→ **TASK BRIEF**: Could you retype the lines below, starting at the line holding "First image of" and stopping at the line holding "港口区委副书记,区长,经开区管委常务副主任李广斌见证签约并致辞.", inclusive? Copy them exactly and drop the images.

GIVEN DATA Start Marker

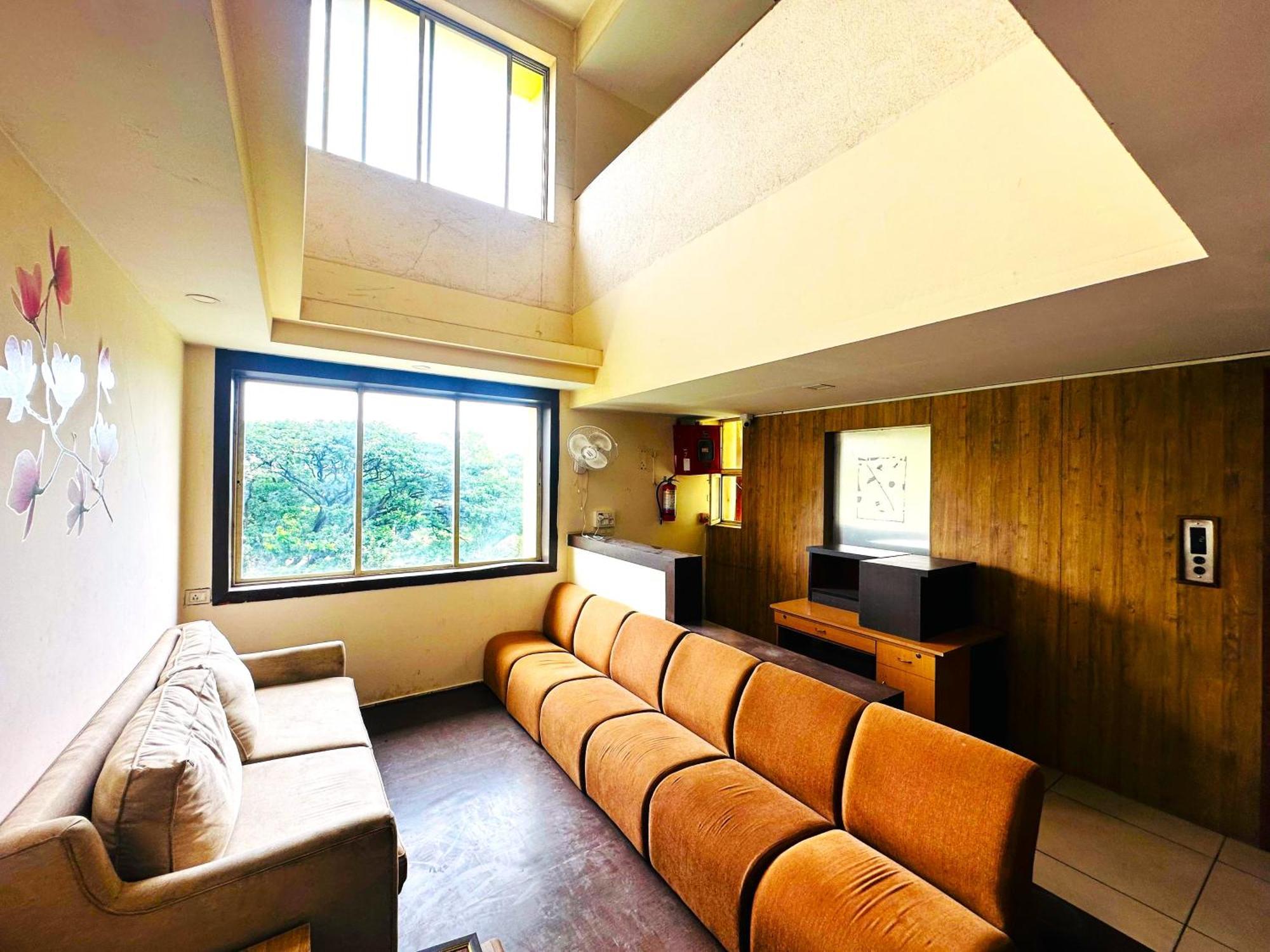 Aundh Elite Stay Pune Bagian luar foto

GIVEN DATA End Marker
GIVEN DATA Start Marker

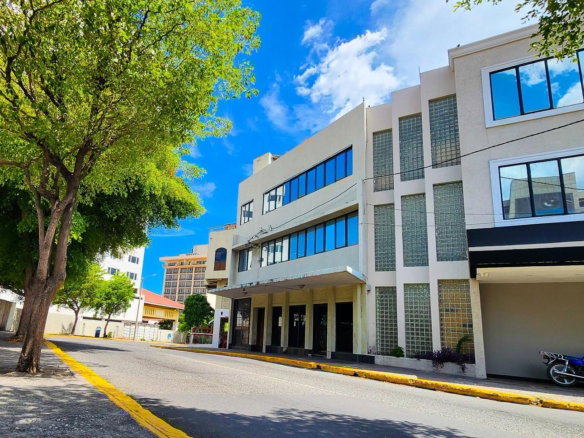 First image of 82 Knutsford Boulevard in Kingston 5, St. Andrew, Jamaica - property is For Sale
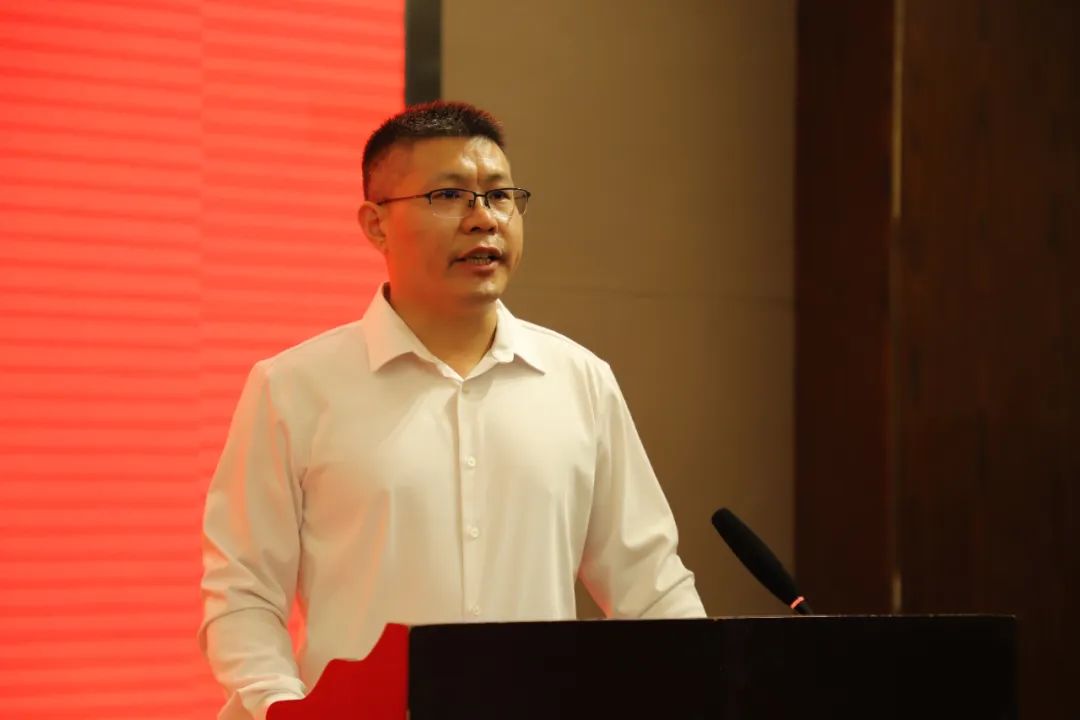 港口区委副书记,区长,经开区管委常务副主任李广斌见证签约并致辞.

GIVEN DATA End Marker

→ **WRITTEN ANSWER**:
 First image of 82 Knutsford Boulevard in Kingston 5, St. Andrew, Jamaica - property is For Sale
 港口区委副书记,区长,经开区管委常务副主任李广斌见证签约并致辞.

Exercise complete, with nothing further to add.